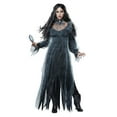 thumbnail image 1 of Shengyu Robe en Polyester Non Toxique Non Pelucheux Noir G, 1 of 4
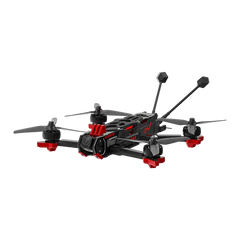 IFLIGHT CineFlow 5 6S O4 PRO HD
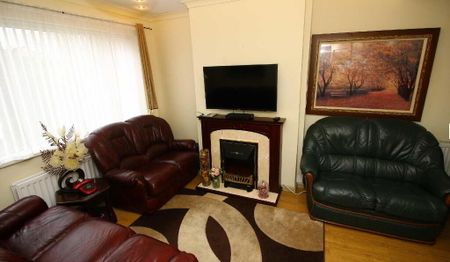 14 Harmin Crescent, Newtownabbey, BT36 7UP - Photo 2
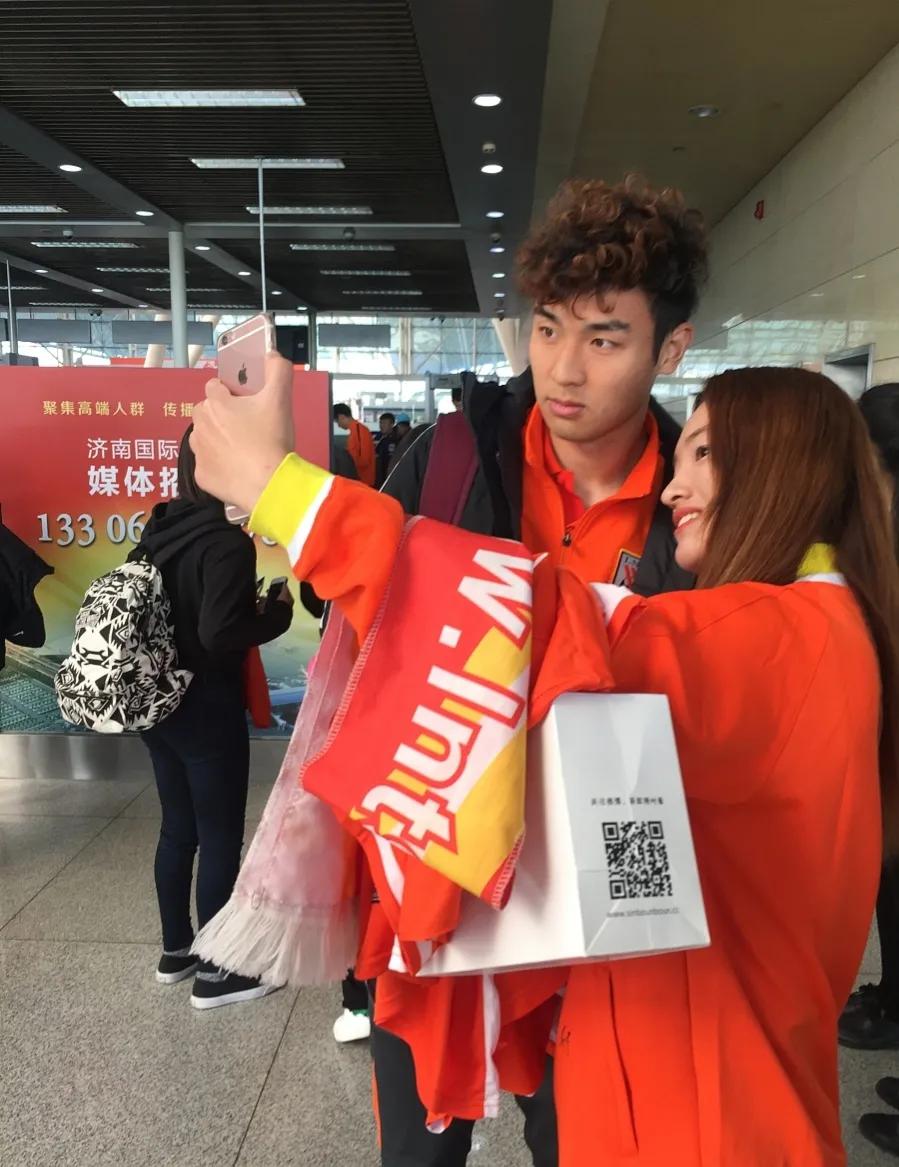 金敬道案最新消息,金敬道被抓了吗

◇ ◇ ◇

WHAT THE EXERCISE ASKS: Repeat the full listing above exactly, with no pictures in the copy.

EXERCISE OUTPUT:
 thumbnail image 1 of Shengyu Robe en Polyester Non Toxique Non Pelucheux Noir G, 1 of 4
 IFLIGHT CineFlow 5 6S O4 PRO HD
 14 Harmin Crescent, Newtownabbey, BT36 7UP - Photo 2
 金敬道案最新消息,金敬道被抓了吗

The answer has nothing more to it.